Currently, we’re at nine weeks, one day! (I have another countdown going for Ruth Franklin’s Shirley Jackson biography, which is out Sept. 27th.) It’s his eighth book, a number which, if you’ve been following him since The Intuitionist was published in 1999, may give you a vertiginous sense of… something.

 

When The Intuitionist came out, I was working at an ad agency as a copywriter, and I still remember reading a Laura Miller interview with Whitehead at Salon one morning, walking over to Malaprop’s Bookstore at lunch, and being relieved when they had a copy in stock. It’s a cliché but it feels like something that happened a long, long time ago—and also like it was just last year. From that interview:

When did you decide that you wanted to be a novelist?
When I was a kid. I read Stephen King and I thought he was really cool. I wanted to write novels with monsters in them. It was kind of funny, this year, to see the rediscovery of Stephen King.

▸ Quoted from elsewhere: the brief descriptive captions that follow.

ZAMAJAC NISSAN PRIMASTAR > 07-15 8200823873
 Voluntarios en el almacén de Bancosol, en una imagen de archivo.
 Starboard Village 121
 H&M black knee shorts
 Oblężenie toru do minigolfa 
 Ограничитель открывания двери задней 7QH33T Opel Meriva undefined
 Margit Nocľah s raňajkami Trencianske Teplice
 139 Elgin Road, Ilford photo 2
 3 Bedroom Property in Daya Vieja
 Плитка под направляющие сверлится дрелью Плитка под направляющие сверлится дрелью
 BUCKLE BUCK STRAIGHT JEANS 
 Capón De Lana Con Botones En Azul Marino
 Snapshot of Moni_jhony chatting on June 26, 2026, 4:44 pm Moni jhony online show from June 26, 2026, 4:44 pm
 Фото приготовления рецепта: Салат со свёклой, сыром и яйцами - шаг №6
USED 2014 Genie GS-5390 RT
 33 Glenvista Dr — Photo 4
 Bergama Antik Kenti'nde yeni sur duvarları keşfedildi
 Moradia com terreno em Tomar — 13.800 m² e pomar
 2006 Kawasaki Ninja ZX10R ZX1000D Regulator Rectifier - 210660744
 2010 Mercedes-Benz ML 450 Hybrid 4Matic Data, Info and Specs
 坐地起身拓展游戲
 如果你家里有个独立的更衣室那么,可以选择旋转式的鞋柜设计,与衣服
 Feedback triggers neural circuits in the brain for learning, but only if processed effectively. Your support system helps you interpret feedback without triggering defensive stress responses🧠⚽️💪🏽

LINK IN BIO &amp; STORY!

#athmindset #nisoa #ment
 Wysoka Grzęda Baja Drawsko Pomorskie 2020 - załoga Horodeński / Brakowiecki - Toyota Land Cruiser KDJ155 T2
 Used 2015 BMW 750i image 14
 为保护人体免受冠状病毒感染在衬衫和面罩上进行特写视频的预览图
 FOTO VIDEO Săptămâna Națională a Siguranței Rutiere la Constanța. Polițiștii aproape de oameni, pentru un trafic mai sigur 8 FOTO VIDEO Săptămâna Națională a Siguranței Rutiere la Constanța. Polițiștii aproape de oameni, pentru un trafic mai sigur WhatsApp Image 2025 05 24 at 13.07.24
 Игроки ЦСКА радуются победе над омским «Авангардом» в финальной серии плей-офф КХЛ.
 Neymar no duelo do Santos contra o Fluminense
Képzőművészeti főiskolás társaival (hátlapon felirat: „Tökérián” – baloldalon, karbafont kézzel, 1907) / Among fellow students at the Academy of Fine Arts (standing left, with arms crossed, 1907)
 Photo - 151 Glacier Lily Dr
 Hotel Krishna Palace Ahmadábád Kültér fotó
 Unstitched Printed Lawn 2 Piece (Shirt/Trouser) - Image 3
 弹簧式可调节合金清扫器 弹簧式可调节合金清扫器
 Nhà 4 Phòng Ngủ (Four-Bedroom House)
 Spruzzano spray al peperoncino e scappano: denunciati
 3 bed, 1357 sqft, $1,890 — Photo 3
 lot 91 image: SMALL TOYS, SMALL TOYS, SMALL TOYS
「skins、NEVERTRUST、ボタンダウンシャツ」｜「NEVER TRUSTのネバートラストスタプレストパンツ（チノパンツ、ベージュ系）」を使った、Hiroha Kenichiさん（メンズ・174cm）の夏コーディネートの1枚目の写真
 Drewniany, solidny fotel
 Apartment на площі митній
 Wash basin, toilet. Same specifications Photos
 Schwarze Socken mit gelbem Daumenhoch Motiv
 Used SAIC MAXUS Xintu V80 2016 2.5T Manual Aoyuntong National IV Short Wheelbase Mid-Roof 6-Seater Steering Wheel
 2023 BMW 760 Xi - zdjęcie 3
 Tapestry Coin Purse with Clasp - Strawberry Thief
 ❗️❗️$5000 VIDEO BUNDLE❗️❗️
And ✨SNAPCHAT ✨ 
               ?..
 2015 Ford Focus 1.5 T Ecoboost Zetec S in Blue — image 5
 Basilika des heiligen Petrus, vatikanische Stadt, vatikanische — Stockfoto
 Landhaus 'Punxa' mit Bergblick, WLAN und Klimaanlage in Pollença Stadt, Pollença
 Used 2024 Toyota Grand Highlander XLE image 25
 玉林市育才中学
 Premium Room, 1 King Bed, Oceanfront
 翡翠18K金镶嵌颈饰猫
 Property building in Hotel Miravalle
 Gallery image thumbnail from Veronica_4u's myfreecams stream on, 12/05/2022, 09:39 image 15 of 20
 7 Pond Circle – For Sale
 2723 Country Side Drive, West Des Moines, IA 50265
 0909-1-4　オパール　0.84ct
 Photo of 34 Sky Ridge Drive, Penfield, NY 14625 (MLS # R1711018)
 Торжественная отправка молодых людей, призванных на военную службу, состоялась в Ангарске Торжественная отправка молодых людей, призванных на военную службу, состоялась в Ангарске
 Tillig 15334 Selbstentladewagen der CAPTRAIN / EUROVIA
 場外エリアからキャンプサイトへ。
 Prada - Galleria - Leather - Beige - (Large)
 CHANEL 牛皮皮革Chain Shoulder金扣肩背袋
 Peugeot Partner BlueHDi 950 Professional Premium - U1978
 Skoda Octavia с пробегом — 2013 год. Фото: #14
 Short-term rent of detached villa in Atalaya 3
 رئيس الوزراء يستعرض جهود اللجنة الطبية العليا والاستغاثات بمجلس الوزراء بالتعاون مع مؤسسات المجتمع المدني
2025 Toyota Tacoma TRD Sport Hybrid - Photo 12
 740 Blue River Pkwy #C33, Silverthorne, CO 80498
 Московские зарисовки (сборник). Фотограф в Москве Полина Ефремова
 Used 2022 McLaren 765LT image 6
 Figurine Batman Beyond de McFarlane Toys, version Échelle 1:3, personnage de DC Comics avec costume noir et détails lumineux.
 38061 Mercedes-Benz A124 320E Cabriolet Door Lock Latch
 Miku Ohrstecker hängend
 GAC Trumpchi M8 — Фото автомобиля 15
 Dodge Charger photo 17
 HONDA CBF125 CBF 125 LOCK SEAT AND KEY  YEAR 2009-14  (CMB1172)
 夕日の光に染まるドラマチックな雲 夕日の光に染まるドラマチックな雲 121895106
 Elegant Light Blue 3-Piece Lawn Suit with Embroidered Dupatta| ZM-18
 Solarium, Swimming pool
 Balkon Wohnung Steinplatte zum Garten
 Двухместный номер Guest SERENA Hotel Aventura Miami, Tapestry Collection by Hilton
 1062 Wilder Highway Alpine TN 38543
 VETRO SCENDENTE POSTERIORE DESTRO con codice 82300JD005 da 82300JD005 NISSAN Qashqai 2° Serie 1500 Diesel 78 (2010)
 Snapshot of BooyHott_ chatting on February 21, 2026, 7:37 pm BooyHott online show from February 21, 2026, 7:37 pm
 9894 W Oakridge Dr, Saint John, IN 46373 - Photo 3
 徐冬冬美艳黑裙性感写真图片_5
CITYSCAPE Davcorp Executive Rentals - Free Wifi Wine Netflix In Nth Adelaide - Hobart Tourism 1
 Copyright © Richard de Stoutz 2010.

Miller then asks him about his time working as a TV critic for The Village Voice:

Did you learn things from being a TV critic that helped?
I think I got a lot of stuff out of my system. I learned some good habits from having to produce every other week and trying to make it fresh. Village Voice style back then encouraged the first-person — that sort of me-me-me stuff — and I worked through various preoccupations with pop culture. Some of the pieces were very satirical and over-the-top, and I would go overboard sometimes and think, “Oh, that didn’t work very well,” so I’d come back with something better. You can’t just make ’70s references all the time. After the 10th “Good Times” joke, it’s not fresh.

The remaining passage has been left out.